> **Assignment**: Transcribe exactly the lines from the one containing "YAMAHA DRAGSTAR 400" through the end of the data, both included. Leave out pictures.

> **Material for the task**:
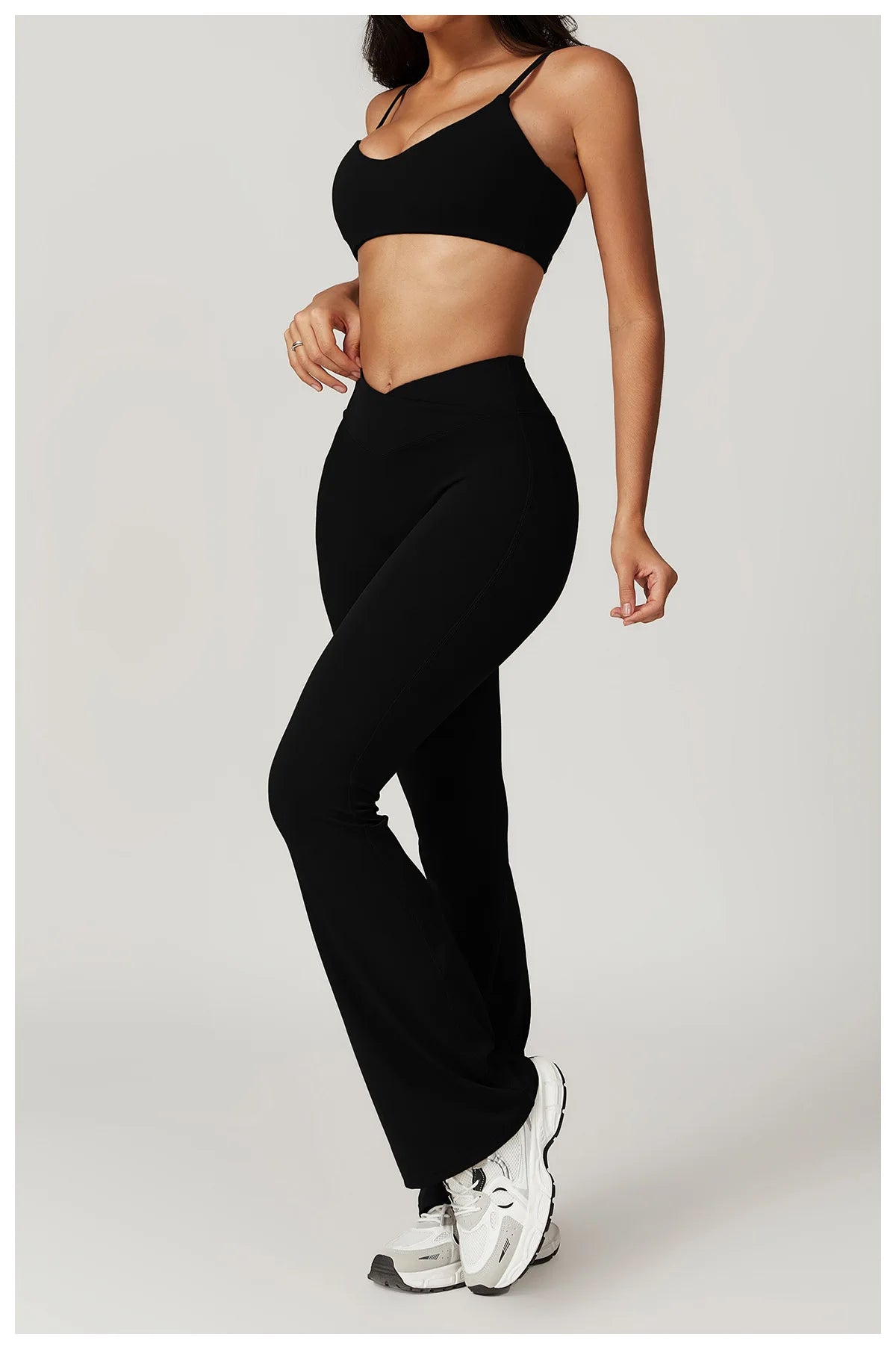 Dianna - Gym Yoga Suit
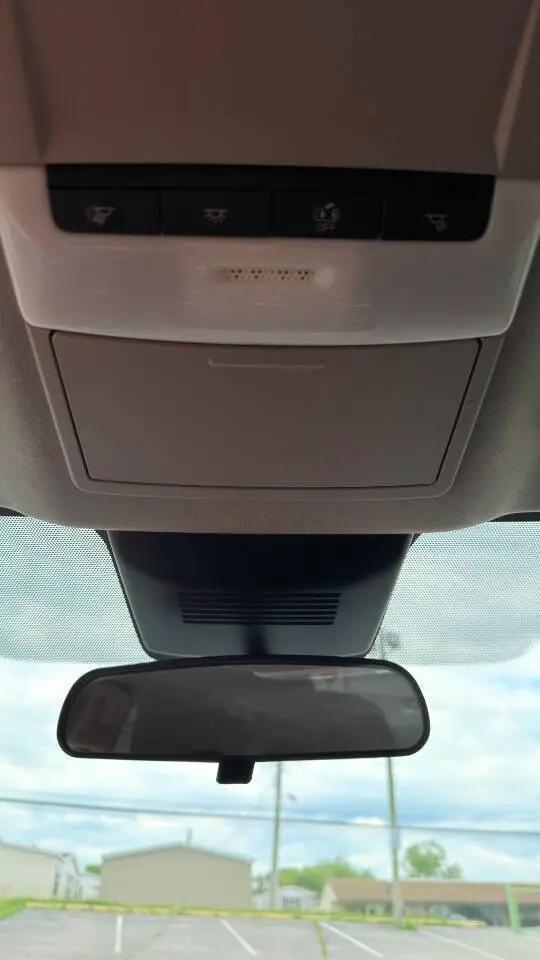 2021 Nissan Sentra S Xtronic CVT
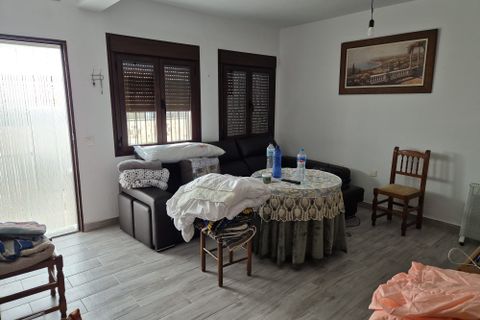 Byhus i Chercos, Almeria, Chercos - € 80.000 | Ref: Casa El Portal - foto 5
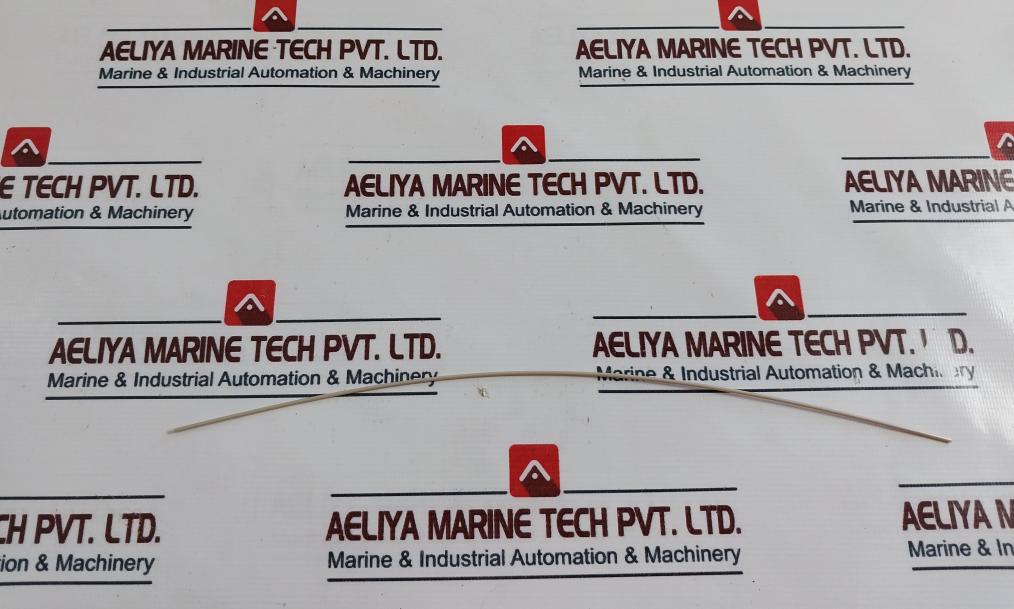 Waters 700008287 Cleaving Tool Tubing 1/16” OD X .0025” ID X 24” PEEK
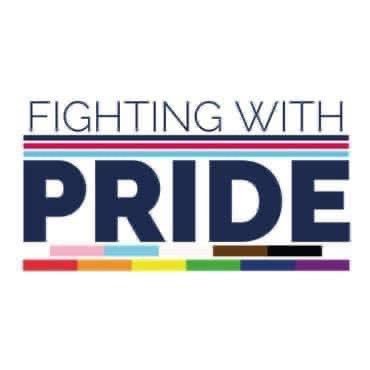 Fighting With Pride is the LGBT+ Armed Forces charity, leading the campaign for better support for LGBT+ veterans and families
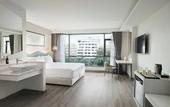Туры в отель Livable Hotel Bangkok
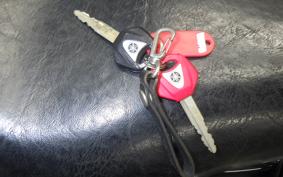 YAMAHA DRAGSTAR 400 CLASSIC  2014 VH02J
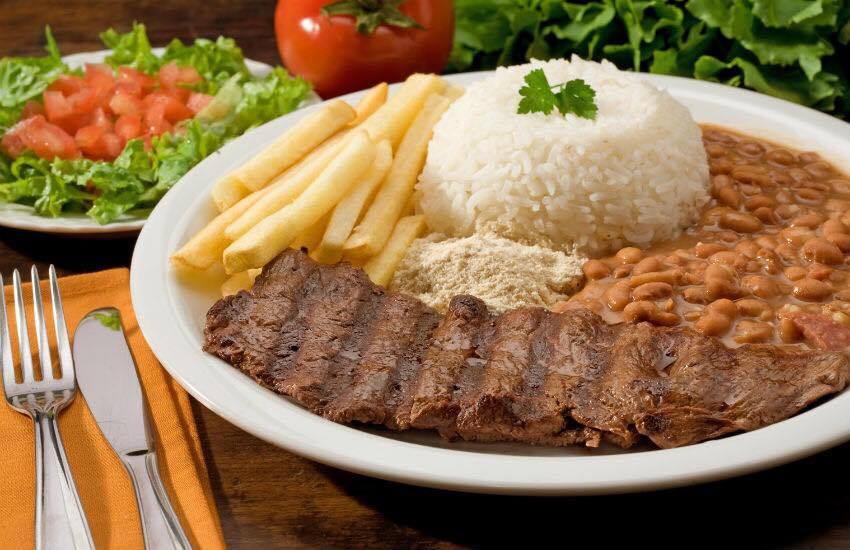 Restaurante Tentação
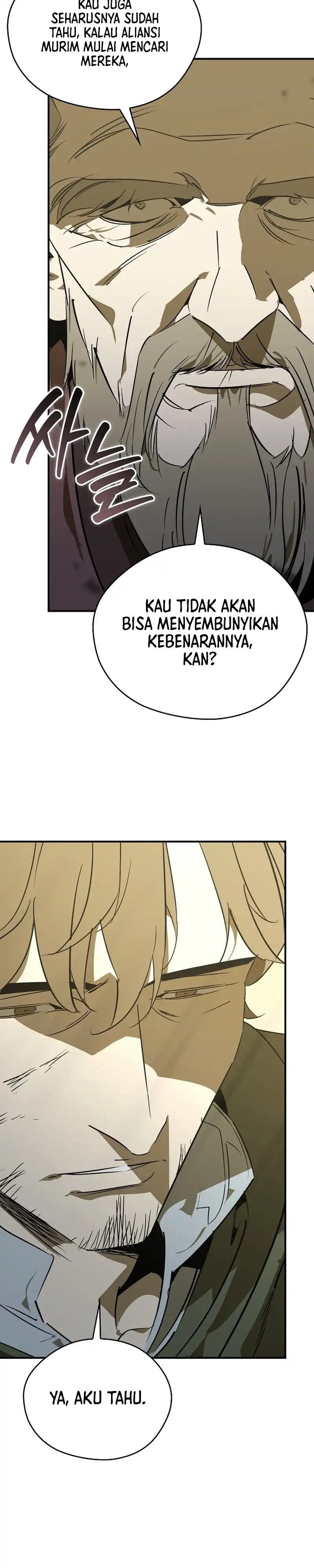 Baca Martial Wild West - Chapter 115 halaman 4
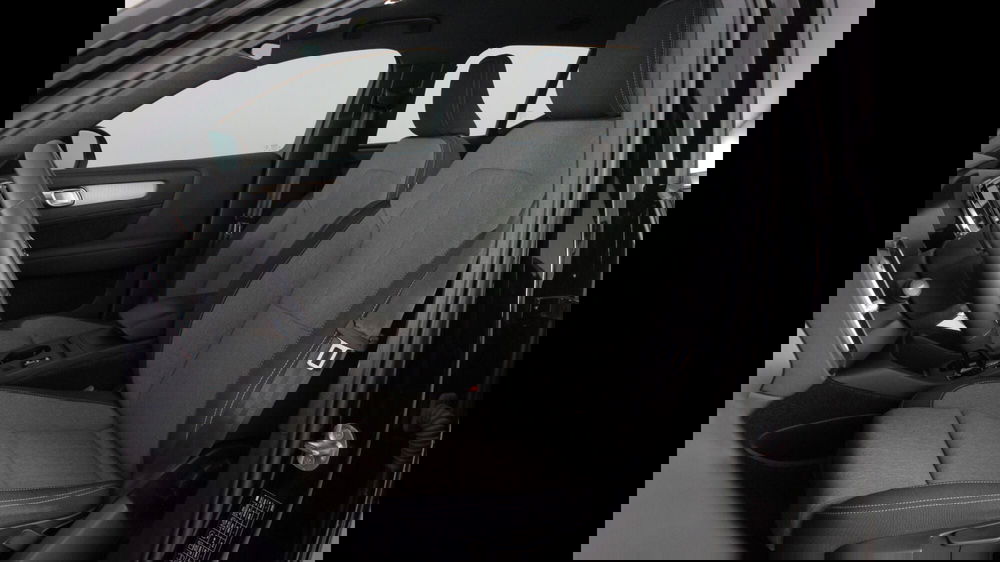 Volvo XC40 usata a Palermo (10)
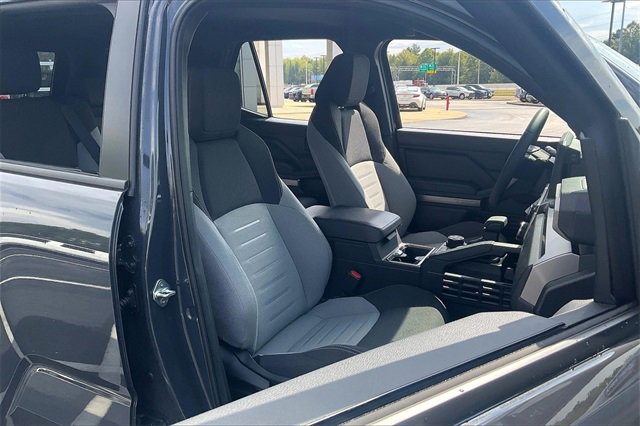 Used 2025 Toyota 4Runner TRD Off-Road image 7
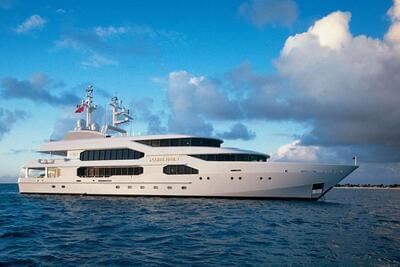  Feadship Full Custom Double Haven  <b>Exterior Gallery</b>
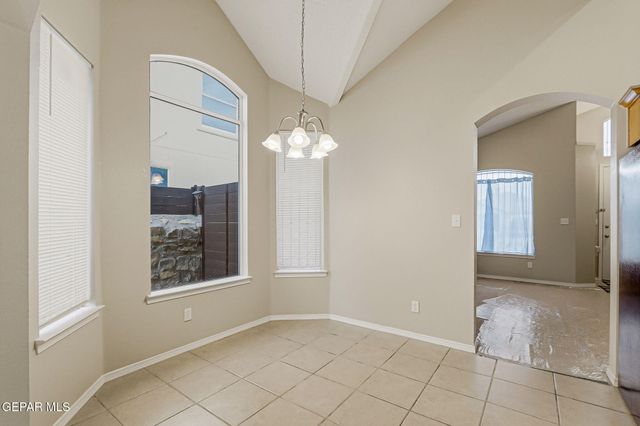 5457 SANTIAGO ROQUE Drive, El Paso, TX 79934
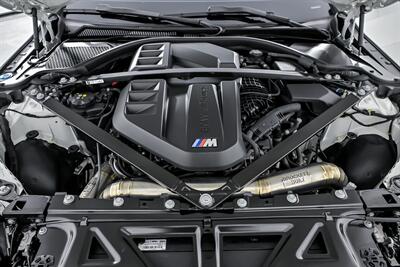 2023 BMW M3 Competition xDrive-$20K MODS   - Photo 16 - Joliet, IL 60435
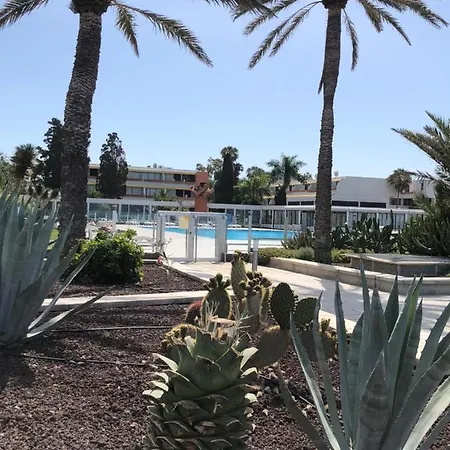 Good Vibes Appartement Costa Del Silencio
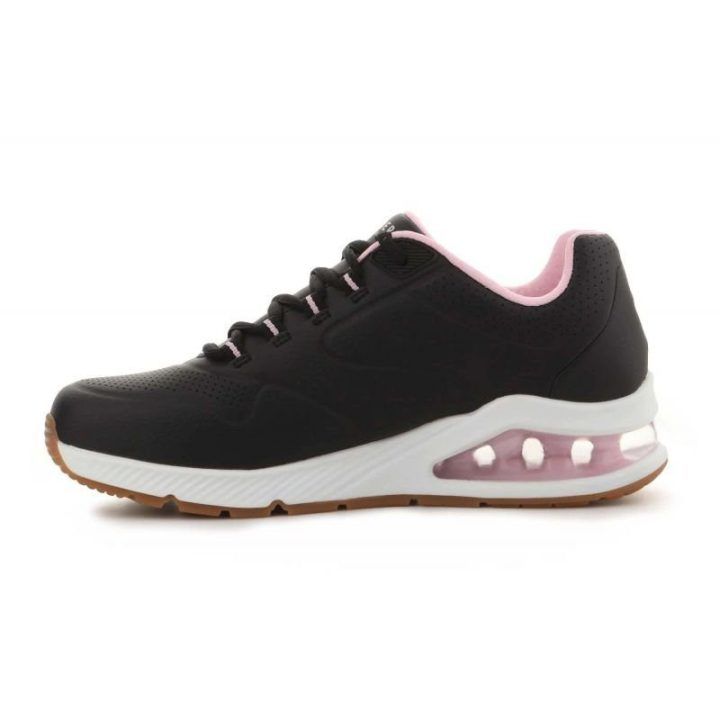 Moteriški sportbačiai Skechers Uno 2, juodi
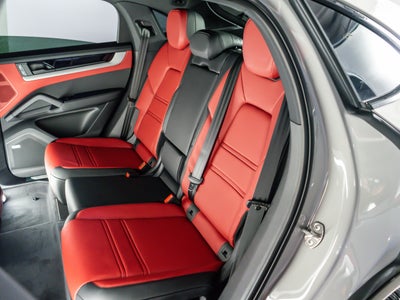 2026 Porsche Cayenne Coupe Base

> **Exercise solution**:
 YAMAHA DRAGSTAR 400 CLASSIC  2014 VH02J
 Restaurante Tentação
 Baca Martial Wild West - Chapter 115 halaman 4
 Volvo XC40 usata a Palermo (10)
 Used 2025 Toyota 4Runner TRD Off-Road image 7
  Feadship Full Custom Double Haven  <b>Exterior Gallery</b>
 5457 SANTIAGO ROQUE Drive, El Paso, TX 79934
 2023 BMW M3 Competition xDrive-$20K MODS   - Photo 16 - Joliet, IL 60435
 Good Vibes Appartement Costa Del Silencio
 Moteriški sportbačiai Skechers Uno 2, juodi
 2026 Porsche Cayenne Coupe Base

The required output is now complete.